A Bangladeshi immigrant who stabbed her baby with a kitchen knife has won the right to stay in Britain so that she can have contact with the child.
The woman claimed that an attempt by the Home Office to deport her breached her human rights. She was jailed for five years for trying to murder her eight-month-old daughter when her husband tried to send her back to Bangladesh and obtained a court order banning her from taking the child out of the country.
The Home Office sought to deport her when she completed her jail sentence, though by that time the family courts had given her the right to see her daughter under supervision. She had claimed that deportation would breach her right to family life under Article 8 of the European Convention on Human Rights. The Home Office’s appeal against the decision was unsuccessful.
The woman, who cannot be named, arrived in Britain in September 2007 after marrying her cousin in an arranged marriage the year before. She spoke no English and had never been to Britain before but joined him in a flat in Tower Hamlets, East London. Their daughter was born in June 2008.
The marriage was unhappy and in March 2009 her husband gave her a one-way ticket for her to return to Bangladesh. He also obtained a court order banning her from taking the child out of the country. The woman told relatives that she would kill the baby and herself rather than be separated from the child, saying: “If I can’t have her then no one will.”
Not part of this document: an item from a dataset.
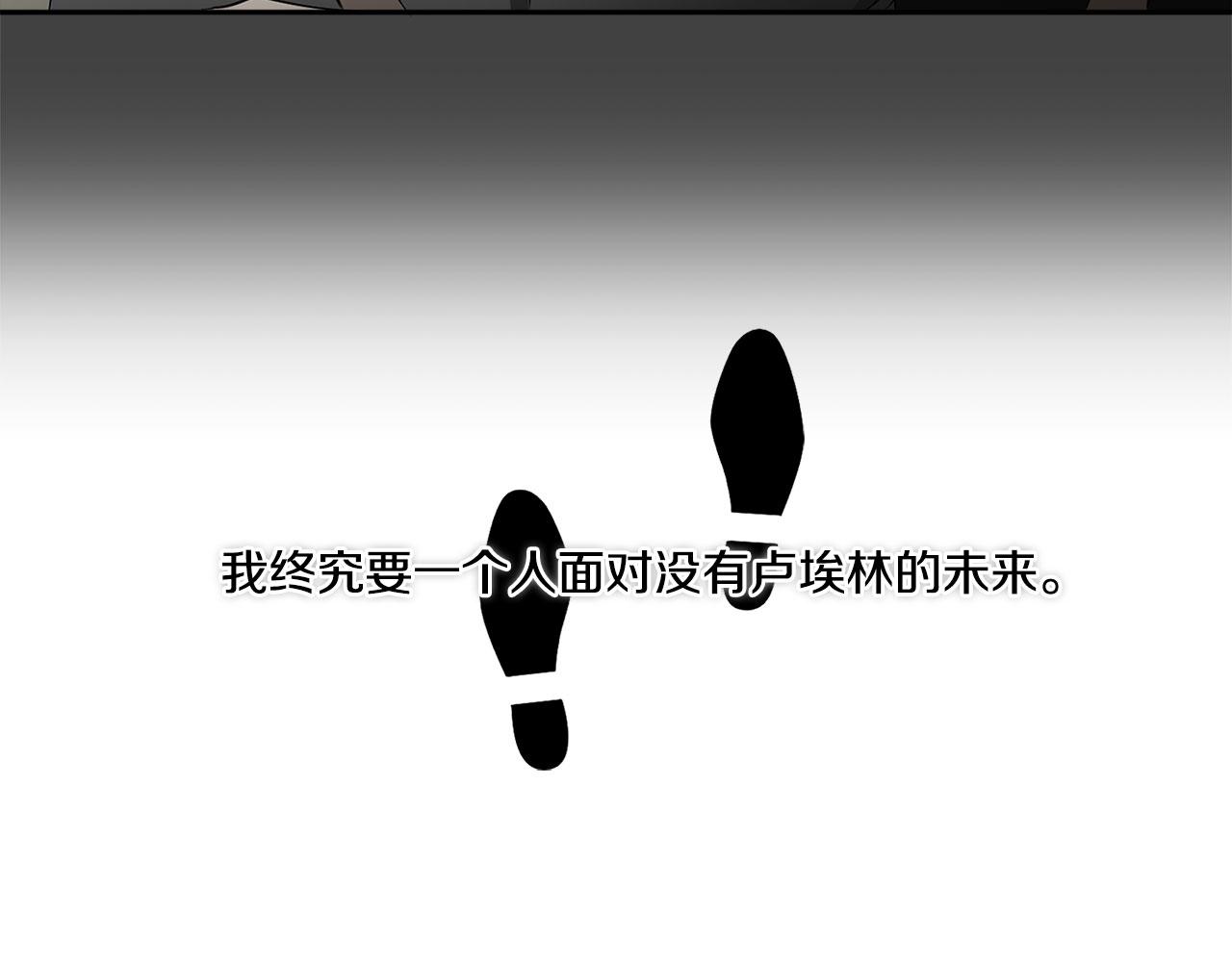 第65话 我不会再等82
Her husband left her alone with the child and came back to discover her stabbing the girl in the stomach. He grabbed the child and his wife was overpowered by his brother. The Old Bailey was told that the woman left a 1½in stab wound on the child’s body and that she would have died if the thrust had not caught one of her ribs.
The judge accepted that the woman was in “emotional turmoil” and jailed her for five years. In July 2011, while still in prison, she was granted access to her daughter by the family courts.